Voilà maintenant une semaine que des milliers de jeunes Espagnols ont investi la place de la Puerta del Sol à Madrid et les rues des principales villes du pays. Ils ne se revendiquent d’aucun parti politique ni d’aucun syndicat. Il s’agit d’un mouvement citoyen, spontané et composite, uni pour exprimer une saine et légitime colère : la colère face à un chômage de masse, qui touche aujourd’hui plus de 45% des moins de 25 ans ; leur colère face à une politique d’austérité qui a échoué à endiguer la crise économique et aggravé les injustices sociales.
C’est en effet à une véritable saignée sociale que le gouvernement Zapatero s’est résigné à procéder sous la pression des marchés financiers et de l’Union Européenne : baisse des salaires, gel des pensions, réduction des investissements publics… José Luis Rodriguez Zapatero a qualifié ces mesures d’ »effort national collectif », mais ce sont en réalité les classes les plus modestes qui ont, une nouvelle fois, été sacrifiées sur l’autel de la finance.

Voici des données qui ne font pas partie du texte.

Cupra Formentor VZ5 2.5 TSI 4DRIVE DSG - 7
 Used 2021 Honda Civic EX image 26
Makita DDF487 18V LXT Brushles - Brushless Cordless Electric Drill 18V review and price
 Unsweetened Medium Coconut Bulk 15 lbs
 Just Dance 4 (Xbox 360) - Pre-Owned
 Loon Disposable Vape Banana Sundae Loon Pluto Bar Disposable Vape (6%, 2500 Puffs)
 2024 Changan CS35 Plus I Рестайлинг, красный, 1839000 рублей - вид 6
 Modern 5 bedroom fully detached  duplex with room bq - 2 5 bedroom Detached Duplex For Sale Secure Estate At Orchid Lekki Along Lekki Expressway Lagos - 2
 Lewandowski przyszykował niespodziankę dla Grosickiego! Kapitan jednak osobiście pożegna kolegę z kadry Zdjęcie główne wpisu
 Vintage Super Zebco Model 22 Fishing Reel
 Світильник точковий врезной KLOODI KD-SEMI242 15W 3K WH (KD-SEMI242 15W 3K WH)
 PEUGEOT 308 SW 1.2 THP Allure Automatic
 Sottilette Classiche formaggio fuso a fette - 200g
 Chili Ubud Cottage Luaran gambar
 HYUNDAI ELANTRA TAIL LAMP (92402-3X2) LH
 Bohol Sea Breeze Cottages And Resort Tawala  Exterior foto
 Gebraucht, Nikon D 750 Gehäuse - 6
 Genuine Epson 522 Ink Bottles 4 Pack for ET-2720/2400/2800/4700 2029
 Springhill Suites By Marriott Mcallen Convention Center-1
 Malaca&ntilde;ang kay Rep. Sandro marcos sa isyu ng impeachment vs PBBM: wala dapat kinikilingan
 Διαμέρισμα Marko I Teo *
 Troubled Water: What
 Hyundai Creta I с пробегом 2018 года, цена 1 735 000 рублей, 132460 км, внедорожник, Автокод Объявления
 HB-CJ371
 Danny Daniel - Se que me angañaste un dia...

Lors des élections municipales de dimanche dernier, le PSOE a payé cette politique au prix fort. Avec 27,98% des voix, il est arrivé près de 10 points derrière les conservateurs du Partido Popular et a perdu Barcelone, où il était au pouvoir depuis 1979, et Séville, la quatrième ville du pays. Une défaite logique et attendue.
Certes, il aurait été difficile pour le gouvernement Zapatero de résister au chantage des agences de notation. Cependant le choix aurait pu être fait d’augmenter les impôts des classes les plus aisées pour aider à financer des politiques sociales, au lieu d’accepter les coupes drastiques dans le budget au nom de la sacro-sainte réduction des déficits.
Mais à bien des égards, le revers électoral subi par le PSOE dimanche est salutaire. Il montre le refus par les citoyens d’un monde où l’essentiel du pouvoir du politique est confisqué par la finance. Lorsqu’une poignée d’agences de notation peut, par la simple menace de dégradation de la note de tel ou tel Etat, dicter à ce dernier les politiques à mener, il n’y a plus de démocratie. C’est donc le système tout entier qu’il nous faut repenser. En tant qu’acteur majeur de ce système, l’Union européenne a un rôle fondamental à jouer mais cela suppose de renverser la majorité de droite actuelle, elle-même chantre du libéralisme à tous crins.
La gauche européenne a besoin de se dépasser, de s’unifier et de porter un projet politique au service des peuples en rupture avec trente ans de construction européenne libérale. De notre capacité à réaliser cet objectif dépend le succès de la gauche dans les années à venir, et à bien des égards le regain démocratique sur le continent.